All directories referred to in the next section are relative to <jboss-home> i.e top directory of the JBoss installation. As shown in Figure 2.1. directories are the following:
All the binaries included with JBoss distribution are located in this directory. Using the Batch (Windows) or Shell (UNIX) scripts here, you can start the server. You can also run the EJX deployment descriptor editor by double-clicking on it (if your platform supports that) or issuing the command: java -jar ejx.jar
The two directories contain java libraries in jar and zip format that JBoss uses.
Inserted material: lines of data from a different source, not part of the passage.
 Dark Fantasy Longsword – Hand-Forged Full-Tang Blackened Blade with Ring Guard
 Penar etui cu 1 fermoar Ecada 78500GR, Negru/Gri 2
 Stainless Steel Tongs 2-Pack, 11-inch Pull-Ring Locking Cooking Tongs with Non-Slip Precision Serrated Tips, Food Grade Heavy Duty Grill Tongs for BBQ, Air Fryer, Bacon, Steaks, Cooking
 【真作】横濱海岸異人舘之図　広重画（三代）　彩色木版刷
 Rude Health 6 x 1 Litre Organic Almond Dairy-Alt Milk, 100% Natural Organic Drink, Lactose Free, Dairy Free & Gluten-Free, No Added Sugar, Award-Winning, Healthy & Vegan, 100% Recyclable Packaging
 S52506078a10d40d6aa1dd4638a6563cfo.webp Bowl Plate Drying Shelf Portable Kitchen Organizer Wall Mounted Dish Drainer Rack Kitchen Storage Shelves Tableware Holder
There is a split between those libraries which had to be in the system classpath (.ie jars in lib directory) vs the other ones in lib/ext directory that are made available to the JBoss server MLet based classloader.
If there is a need to add some java libraries to JBoss, for example jdbc driver jars, these should be dropped in lib/ext directory and will be picked up by JBoss automatically.
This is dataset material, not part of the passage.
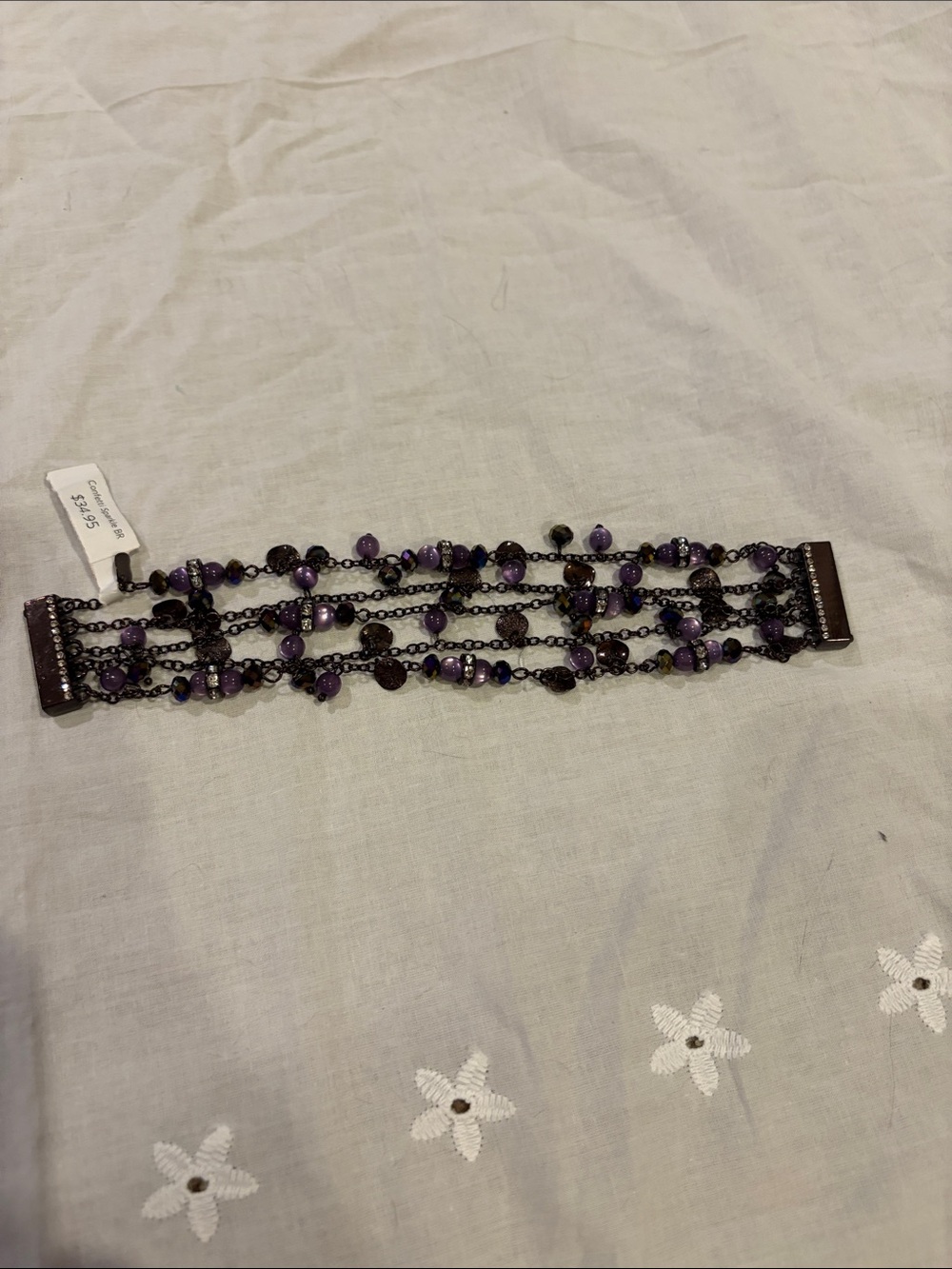 Purple Beaded Multi-Strand Bracelet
Directory containing hypersonic and instantdb databases related files (configuration files, indexing tables etc ) as well as JBossMQ - JMS provider message queue files.
This is JBoss's deployment directory. Just drop your jars here and they will be deployed automatically.
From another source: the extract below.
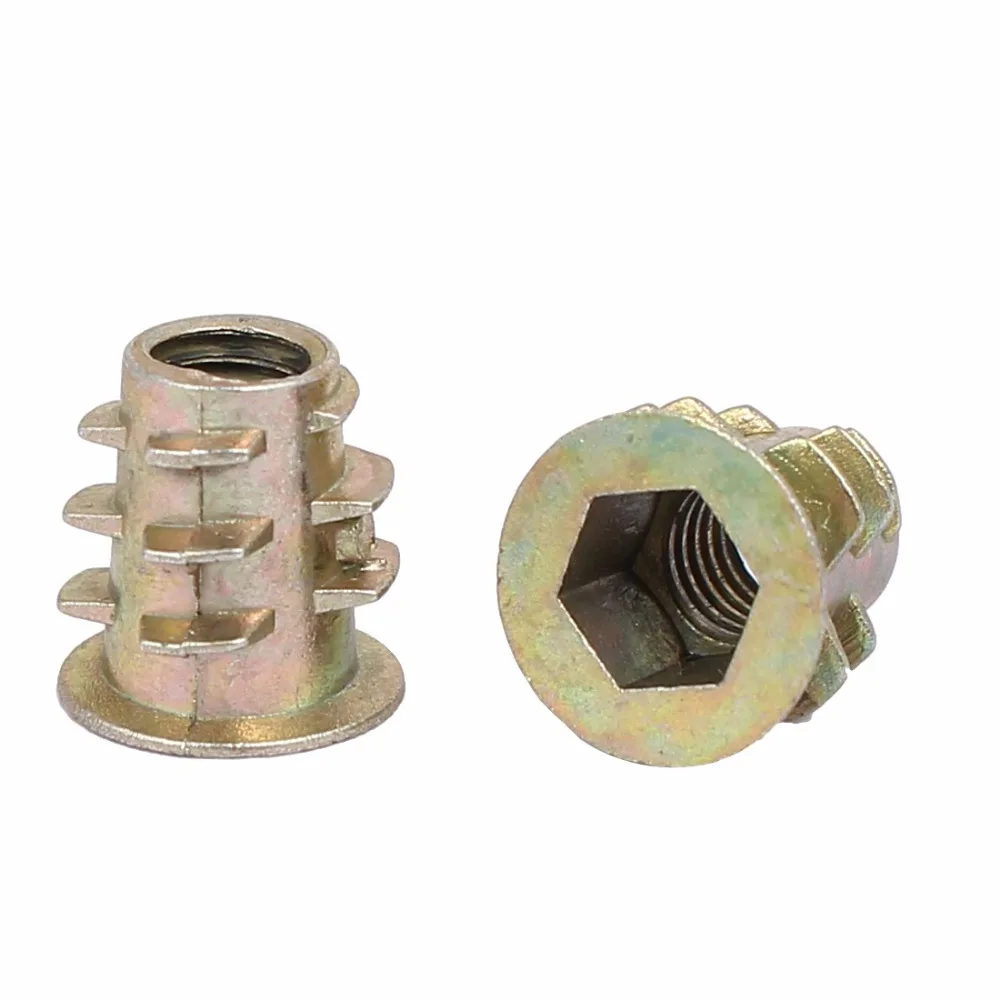 

UXCELL Hot Sale 30 Pcs M4x10mm M5x10mm M6x10mm Zinc Plated Hex Socket Screw in Thread Insert Nut for Wood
JBoss log files are located in this directory. File logging is turned on by default.
JBoss configuration set(s) are located here. By default there is only one configuration set - "default". Adding more than one configuration set is permitted. See the section called “Configuration files” for more details.
Libraries required for clients are in the client directory. A typical client requires jboss-client.jar, jbosssx-client.jar, jaas.jar, jnp-client.jar, ejb.jar, and jta-spec1_0_1.jar. If you client is not running JDK 1.3, it will require jndi.jar as well. If you are going to be using JBossMQ JMS provider you will also need jbossmq-client.jar.